Dimension of data before and after performing PCA

Dimension of data before and after performing PCA - python

I'm attempting kaggle.com's digit recognizer competition using Python and scikit-learn.
After removing labels from the training data, I add each row in CSV into a list like this:
for row in csv:
train_data.append(np.array(np.int64(row)))
I do the same for the test data.
I pre-process this data with PCA in order to perform dimension reduction (and feature extraction?):
def preprocess(train_data, test_data, pca_components=100):
# convert to matrix
train_data = np.mat(train_data)
# reduce both train and test data
pca = decomposition.PCA(n_components=pca_components).fit(train_data)
X_train = pca.transform(train_data)
X_test = pca.transform(test_data)
return (X_train, X_test)
I then create a kNN classifier and fit it with the X_train data and make predictions using the X_test data.
Using this method I can get around 97% accuracy.
My question is about the dimensionality of the data before and after PCA is performed
What are the dimensions of train_data and X_train?
How does the number of components influence the dimensionality of the output? Are they the same thing?

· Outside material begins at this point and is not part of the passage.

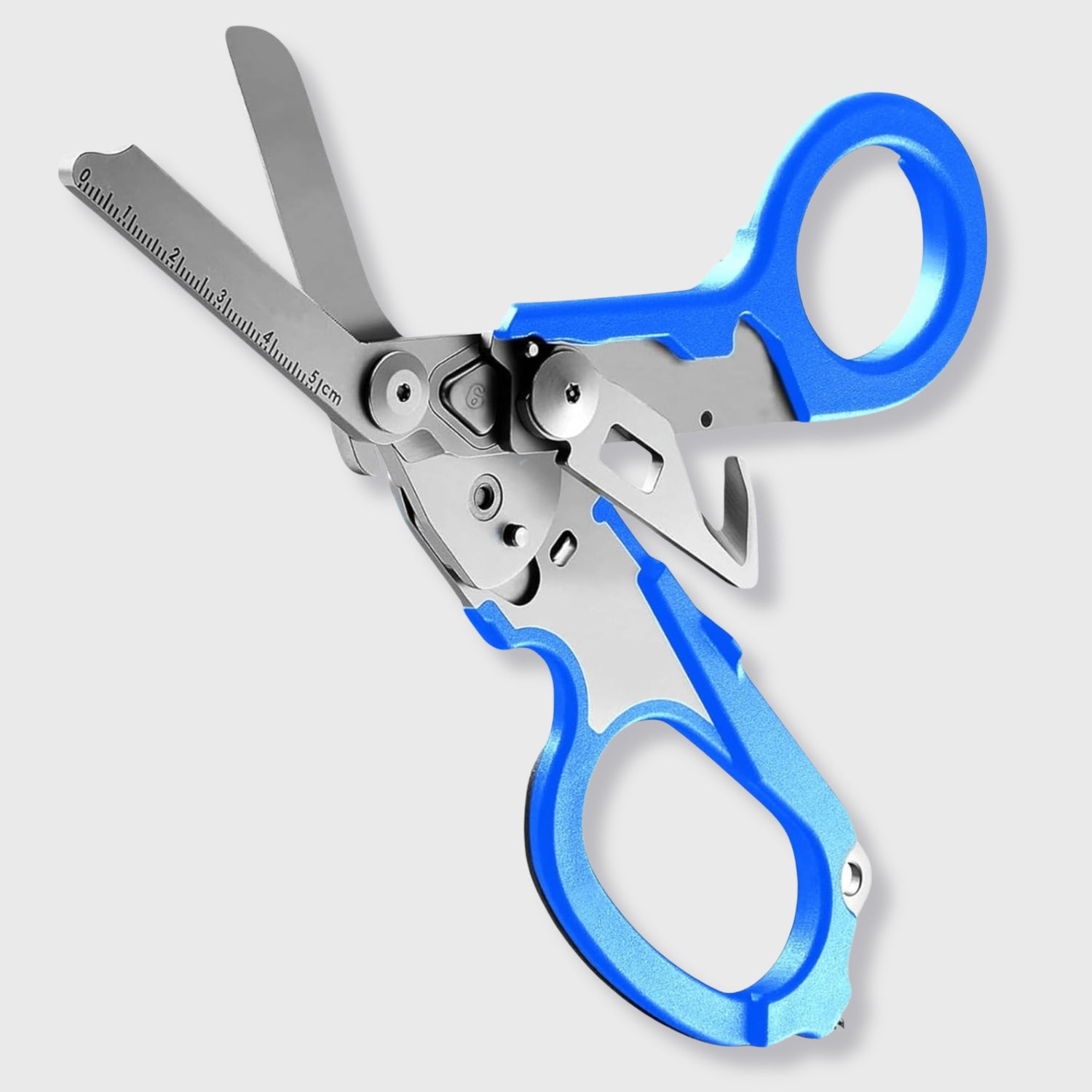 Blue 6-in-1 trauma shears with features: seat-belt cutter, ring cutter, window breaker, O₂ wrench, ruler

TL;DR: Yes, the number of the desired PCA components is the dimensionality of the output data (after the transformation).
The PCA algorithm finds the eigenvectors of the data's covariance matrix. What are eigenvectors? Nobody knows, and nobody cares (just kidding!). What's important is that the first eigenvector is a vector parallel to the direction along which the data has the largest variance (intuitively: spread). The second one denotes the second-best direction in terms of the maximum spread, and so on. Another important fact is that these vectors are orthogonal to each other, so they form a basis.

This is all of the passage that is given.